(Data shown begins)
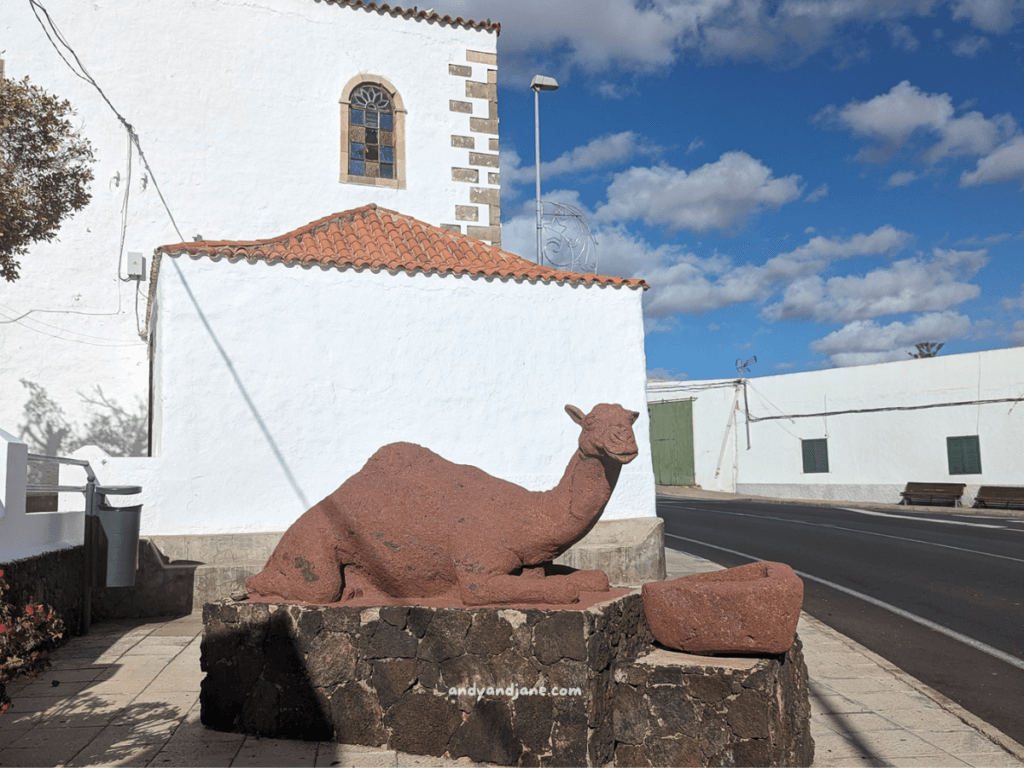 A reddish-brown stone sculpture of a camel, placed on a stone pedestal beside a white building under a blue sky with clouds in Tuineje, Fuerteventura.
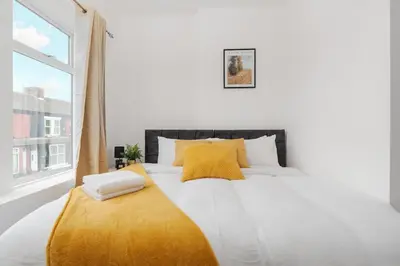 a white bed with yellow pillows and a window at Entire 4 Bedroom house in Bootle Liverpool-Ideal for contractors, family and group-Free Parking & Free internet-Sleeps 7 in Litherland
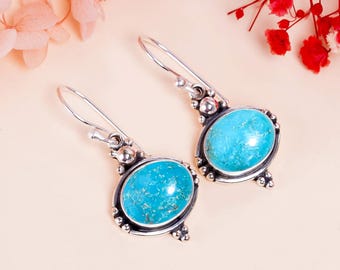May include: A pair of silver-toned dangle earrings featuring oval, turquoise-colored stones. The stones are set in a decorative frame with small, round accents. The earrings have a hook closure and are displayed on a light pink surface.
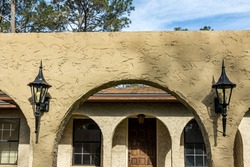 The top front view of a brown ranch style spanish style villa stucco cinder block home with architectural arches and black aluminium original windows.
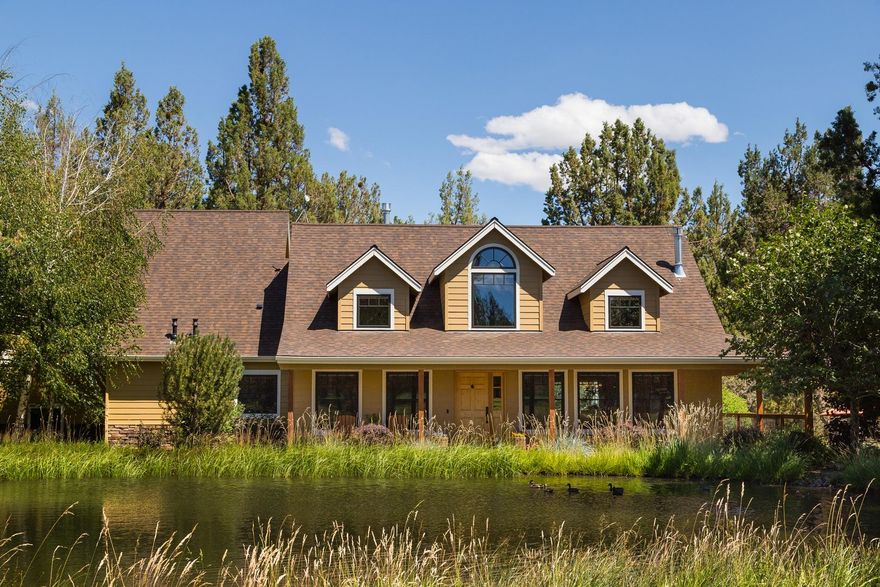 This stunning custom home lives new in a beautiful park like setting with multiple outbuildings, additional living quarters, & studio space in the desirable Tumalo community. Exquisite finishes throughout including built in speakers, hand trawled walls, wood doors, wrapped windows, and beautiful birch wood floors. The kitchen has a peaceful view to the east pond with water feature, slab granite counter tops, farm sink, 36'' Wolf oven & separate cook top. The spacious media room over the garage is not to be missed with vaulted tongue and groove cedar ceiling, surround sound entertainment system, built in bar area, & private balcony. This 6 acre property includes 5 acres of water rights covering the property through underground sprinklers & a drip system with 2 ponds. The whole property is fully fenced and cross fenced with 3 gates for vehicle access. It could easily be set up for animals with options for pasture areas. View additional pictures & information at www.GerkingMarket.com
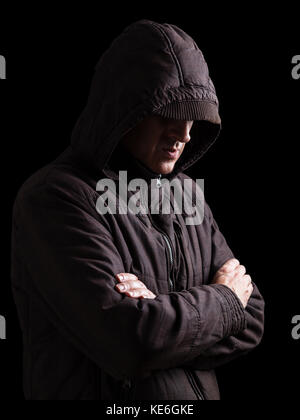 Lonely, depressed, fragile man hiding face, arms crossed, standing in the darkness. Low key, black background / Loneliness unhappy upset depression Stock Photo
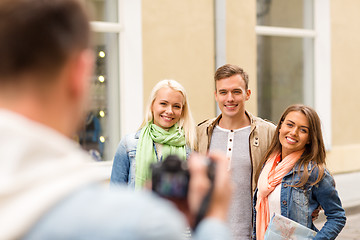 Image showing group of smiling friends taking photo outdoors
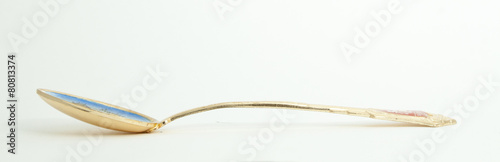 Metal and wood spoon in profile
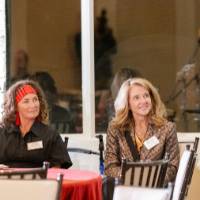 Two woman at reception smiling and looking up at speaker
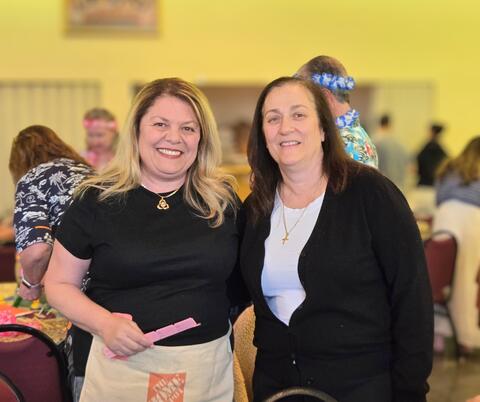 Two women smiling and posing together indoors at a social gathering with other people in the background.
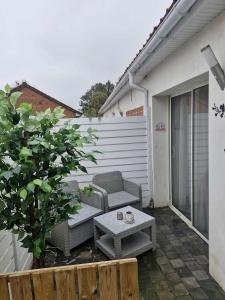 a patio with a couch and a table and a fence at Studio avec jacuzzi , terrasse amenagée et wifi à Westrehem in Westrehem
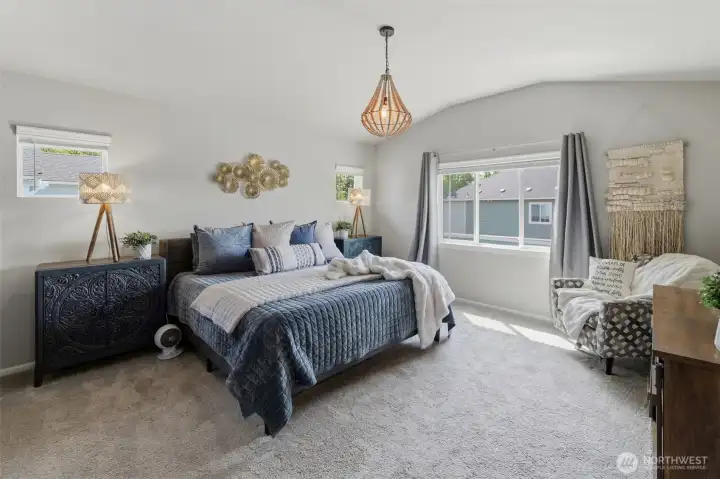 The large primary suite has is detached from the other bedrooms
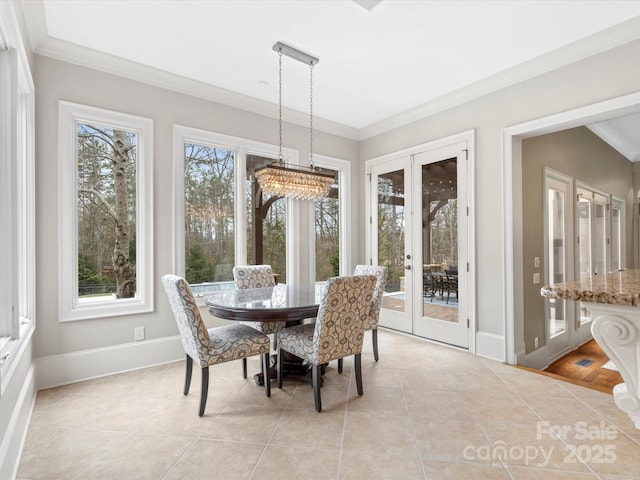 dining room with crown molding, french doors, and light tile patterned flooring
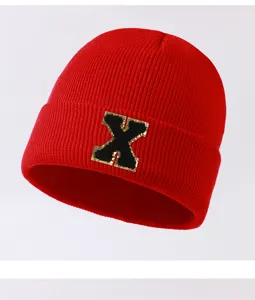 Red knit beanie hat for men and women, autumn winter warm cuff cap with stylish letter X patch.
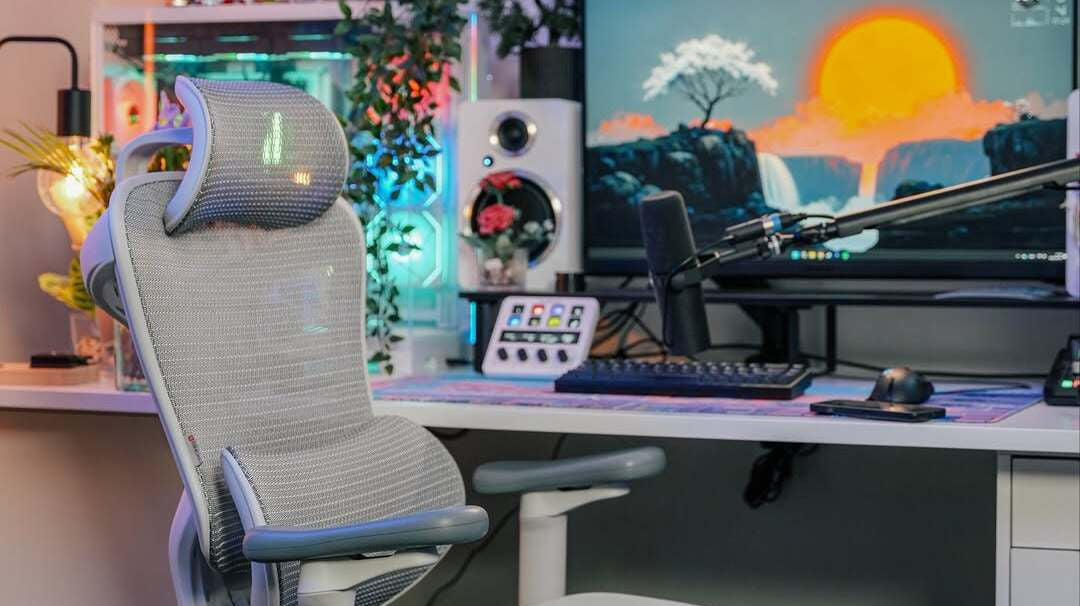 Sleek gaming setup with RGB lights and ergonomic chair offers modern home office styling ideas.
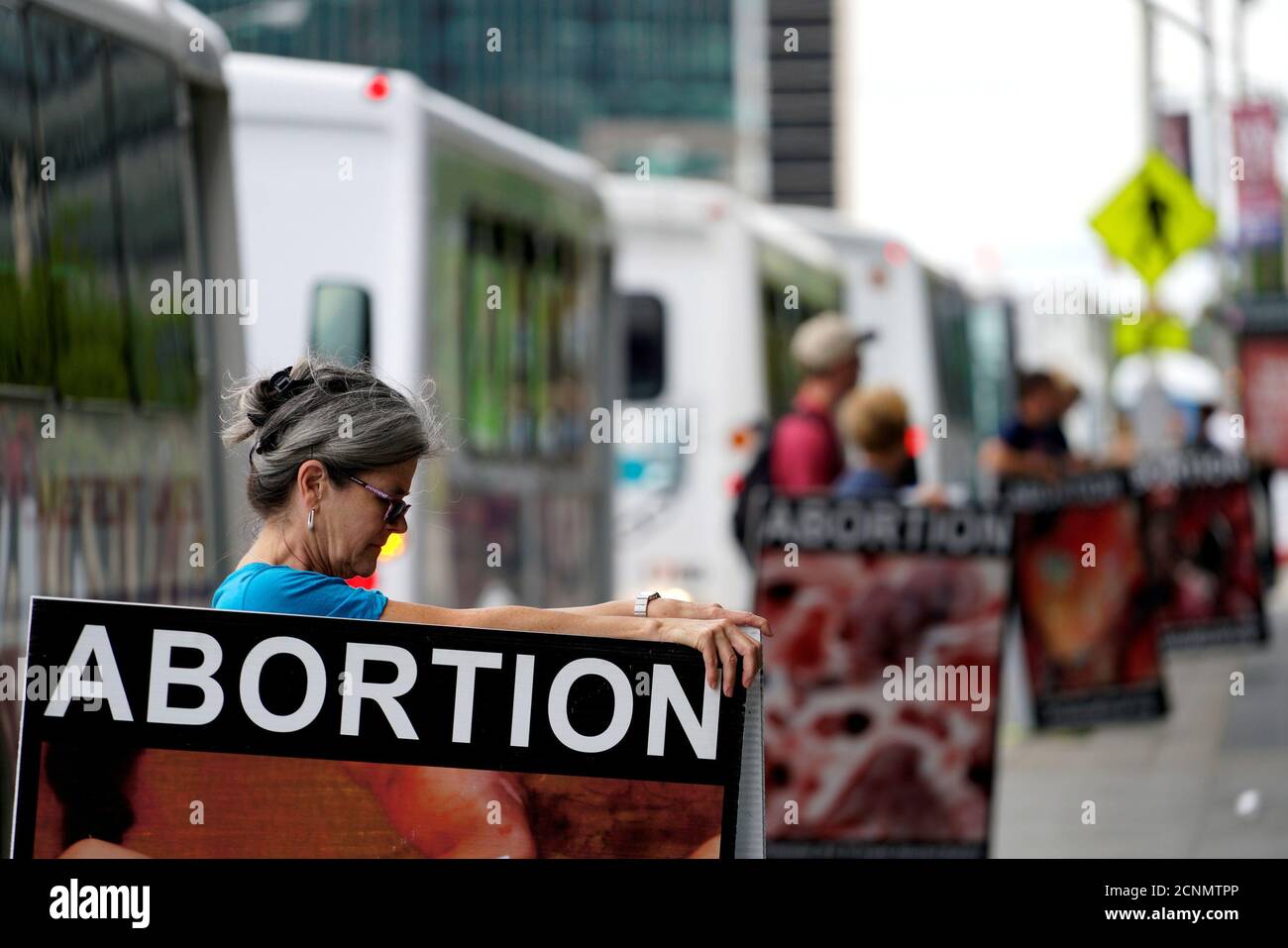 Anti-abortion protestors holding what they said were photos of abortions stand outside the building where new organizations are working at the Republican Presidential Convention in Cleveland July 14, 2016.  REUTERS/Rick Wilking Stock Photo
(Data shown ends)
Task details: Return the stretch of data that begins with the line showing "May include: A" and goes on through the line showing "The top front", exactly, with pictures removed.

Response area:
May include: A pair of silver-toned dangle earrings featuring oval, turquoise-colored stones. The stones are set in a decorative frame with small, round accents. The earrings have a hook closure and are displayed on a light pink surface.
 The top front view of a brown ranch style spanish style villa stucco cinder block home with architectural arches and black aluminium original windows.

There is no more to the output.